Introduction to Optimization

Basic Terminology

Recommended Prerequesites

In the last section, we covered parameter estimation strategies. In this section, we will continue coming that, but with a focus on the algorithm and optimization.

Fundamentals of Optimization

Optimization is the process of finding the value of a parameter $\theta$ that results in the maximum or minimum value of the given function $f(\theta)$.

Maximization: Finding $\theta$ such that $f(\theta)$ is as large as possible. This value of $f(\theta)$ is the maximum and $\theta$ is called the maximizer.
Minimization: Finding $\theta$ such that $f(\theta)$ is as small as possible. This value of $f(\theta)$ is the minimum and $\theta$ is called the minimizer.

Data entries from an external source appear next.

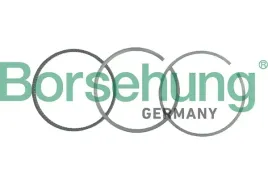 pierscienie-tlokowe-vw-19tdi-7950-std-borsehung-b19040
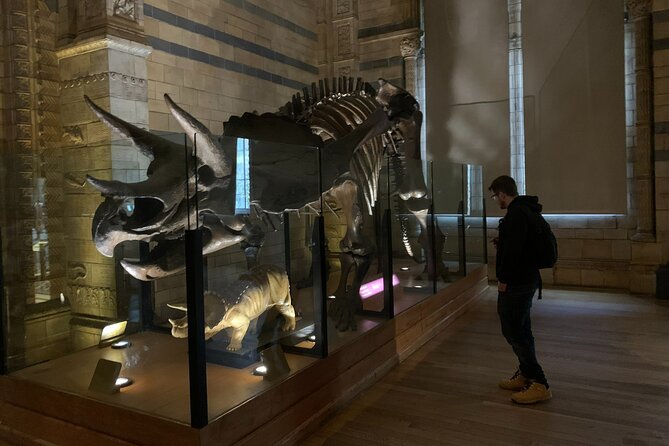 Private Guided Tour of Natural History Museum - Skip the Line - Meeting and Accessibility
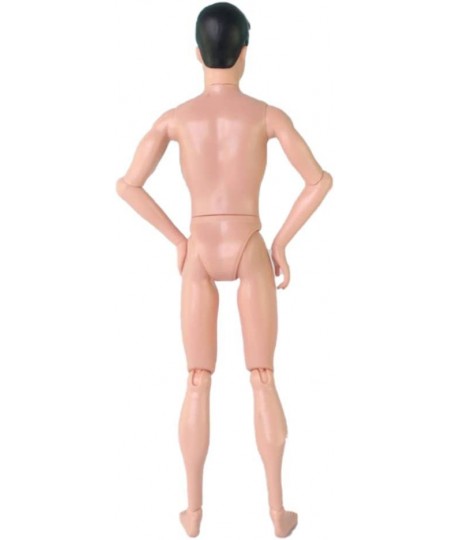 14 Moveable Jointed Doll Male Nude Doll Naked Body Move Doll Toys for Girl $25.81 - Dolls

In practice, an maximization problem can be turned into a minimization problem through multiplying the objective function by -1, so any technique applicable to one works on the other through slight modification.

Objective Function

An objective function is a mathematical expression that we aim to maximize or minimize with respect to the parameter $\theta$.

Likelihood Function

This measures the probability of observing the given data $X$ under the parameter $\theta$. $$L(\theta)=P(X|\theta)$$

Example: Bernoulli

Consider a Bernoulli distribution where X can be 1 with probability p or 0 with probability $1-p$. $$L(p)=\prod_{i=1}^n p^{x_i}(1-p)^{1-x_i}$$

Log-Likelihood Function

Often it is more convenient to work in the log-likelihood since the logarithm turns products into sums. $$\ell(\theta)=\log L(\theta)$$

Bernoulli Log-Likelihood

$$\ell(p)=\sum_{i=1}^{n}[x_i\log(p)+(1-x_i)\log(1-p)]$$

Loss Function

A general term which measures the discrepancy between observed values and those predicted by a model with parameter $\theta$. One example is the sum of squared residuals (SSR).

Analytical Optimization

Analytical optimization involves using calculus.

First Derivative Test

The first derivative test looks at points where the first derivative of the function is zero or undefined.

Compute the first derivative $f'(\theta)$
Solve $f'(\theta)=0$ to find critical points

Why does this make sense? If we are trying to minimize (maximize) a function and the derivative is non-zero, then we can further decrease (increase) it by increasing (decreasing) $\theta$.

Second Derivative Test

If $f''(\theta)\gt 0$, the function is concave upward, indicating a local minimum
If $f''(\theta)\lt 0$, the function is concave downward, indicating a local maximum.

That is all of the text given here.